Album Review: Even though, Super Furry Animals’ Gruff Rhys may be playing it straight on the smartly orchestrated pop songs of Babelsberg, his fifth solo album, but as listeners move past the sweetness of his melodies, a starker portrait is revealed, one that takes an incisive look at the political/cultural tensions that plague much of modern life. The opener, “Frontier Man” takes the piss out of political cults of personality that commonly appear during the American election season, when the country longs for a macho Clint Eastwood personality with the ego-strength to declare, “I can fix it.” It’s all delusion, of course, but the mock-country music feels the perfect choice for a satire of the Iowa primaries.
The Welsh singer/songwriter has turned his attention State-side before, his 2014 album “American Interior” sought to follow his countryman John Evans’ attempt to track a lost tribe of immigrants through the U.S. Midwest, which took the form of a film and book as well as a collection of songs. In 2016, Rhys responded to the UK debate over Brexit by releasing the single “I Love E.U.,” revealing his leanings away from nationalism and the severing of cooperative alliances. The ten songs of Babelsberg were recorded in that same time period in a brief three-day session in a studio that was scheduled for demolition so that luxury condos could be built there.
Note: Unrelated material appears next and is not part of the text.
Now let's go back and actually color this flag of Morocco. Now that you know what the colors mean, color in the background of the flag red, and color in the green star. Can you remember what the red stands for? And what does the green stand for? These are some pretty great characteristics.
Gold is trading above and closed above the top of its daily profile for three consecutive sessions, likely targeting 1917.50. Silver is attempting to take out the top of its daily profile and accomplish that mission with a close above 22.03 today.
That unsettling gentrification, the sense of failing and falling institutions, urban decay and the threat of nuclear apocalypse provides the emotional backdrop of the songs here, which sat on the shelf for 18 months waiting for composer Stephen McNeff to write the orchestrations which were eventually recorded by The National Orchestra of Wales.
Rhys has said that he had been working with McNeff on an opera about a post apocalyptic Wales when the idea of the collaboration struck him, and he noted that “the idea of using an orchestra seemed to chime with the fact that we’re living in this fake opulent world with empty luxury flats towering over city centers and that veneer is there to disguise the cancer inside.”
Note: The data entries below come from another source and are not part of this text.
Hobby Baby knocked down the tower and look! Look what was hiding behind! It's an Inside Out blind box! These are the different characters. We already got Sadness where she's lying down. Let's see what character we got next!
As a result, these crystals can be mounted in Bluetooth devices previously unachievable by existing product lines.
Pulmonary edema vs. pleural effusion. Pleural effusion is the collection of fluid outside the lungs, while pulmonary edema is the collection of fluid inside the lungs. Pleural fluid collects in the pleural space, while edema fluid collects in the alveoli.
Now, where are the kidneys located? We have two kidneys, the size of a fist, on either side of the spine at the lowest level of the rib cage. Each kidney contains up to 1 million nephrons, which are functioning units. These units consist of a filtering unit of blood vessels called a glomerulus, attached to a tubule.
That description says all we need to know about the pristine, lush musical settings and the darker world of experience described in the lyrics. “The Club” describes the disappearance of once reliable supportive social institutions. Rhys sings over a wall of violins that recalls 80’s popsters ABC, “They threw me out of the club, the club I built with my own two hands.” “O Dear!” is built on a rhythm and melodic hook that points back to the band Madness, but describes the vulnerability of scraping together a sustainable wage in the gig economy. Elsewhere you can hear nods to The Beatles as well as Squeeze, but with titles like “Drones in the City,” “Negative Vibes,” and “Architecture of Amnesia” that explore modern threats from flying 24-hour supervision to the assaults of the 24 news cycle, you probably relate all too well to Rhys’ portrait of a world stretched to a breaking point.
But the threats are not entirely external, our subservient captivity to creating a fun, social media footprint, finds the couple in “Selfies in the Sunset” creating a photographic memory as a mushroom cloud of nuclear death is filling the evening sky. Rhys is joined on that duet by model and singer Lily Cole, the perfect song to close a collection of morbid songs from a the new dark ages of our political landscape, packaged as playful soft-rock songs with some awkwardly catchy hooks. Hiding this dark commentary in sweetly orchestrated popsongs, may just provide the perfect soundtrack for the next apocalypse, or at least give us some enjoyable listening while we wait together for it.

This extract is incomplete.